Recently I came across the judgment of Floyd J in Kapur v Comptroller General of Patents, Designs and Trade Marks [2008] All ER (D) 142. Mr Kapur wanted to get a patent for a new way of recovering documents which had been deleted from or overwritten on a document management system. The application for the patent (which (if successful) establishes the scope of any patent protection that is ultimately granted) couched the new method in terms of a computer system only.
The issue arose because the law, as implemented in the UK by section 1(2) of the Patents Act 1977, says that certain things are to be excluded from the “patentable inventions” category. The list includes:
“(c) schemes, rules and methods for performing mental acts, playing games or doing business, and programs for computers; and (d) presentations of information".
For those of you who have been following these cases, you’ll remember that the Court of Appeal, in the Aerotel case in which it was trying to decide how to apply section 1(2), came up with a four step test of patentability:
1. Properly construe the scope of the patent applied for;
2. Identify the “new” contribution the invention makes to the field;
3. Ask whether the invention falls solely within the categories excluded by section 1(2); and
4. Check whether the invention meets the requirement for the invention to have some “technical effect”.
So, the court in Kapur duly attempted to apply this four-step test, and, in doing so, it had to look at whether the invention was excluded on the grounds that it was a “method for performing mental acts”.
In previous case law, this had been interpreted both widely and narrowly.

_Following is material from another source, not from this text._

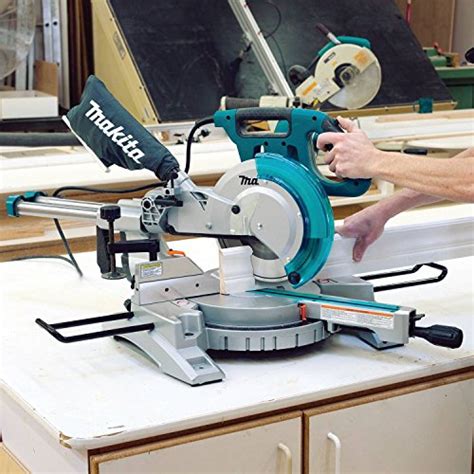 Makita Ls Dual Slide Compound Miter Saw Best Price Price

Should the exclusion from patentability be narrowly restricted, to methods actually carried out by the human mind, or should it be widened so as to include methods of the kind carried out by the human mind even where in practice it is a computer which carries them out? The judge decided that the narrow interpretation was the correct one. Provided that any patent granted with this scope could not be infringed merely by a third party himself performing some sort of mental act, the exclusion would not apply.
The case is interesting in that it confirms that the courts are minded to construe the “mental act” exclusion narrowly, which is good news for patent holders as they, at least in respect of this exclusion, have a better chance of obtaining the patent if the exclusion is more narrow. Of course, the pragmatic conclusion is that it’s likely that many inventions of this kind are likely to be excluded under the “business method” exclusion in any event, but that is a whole new post in the making!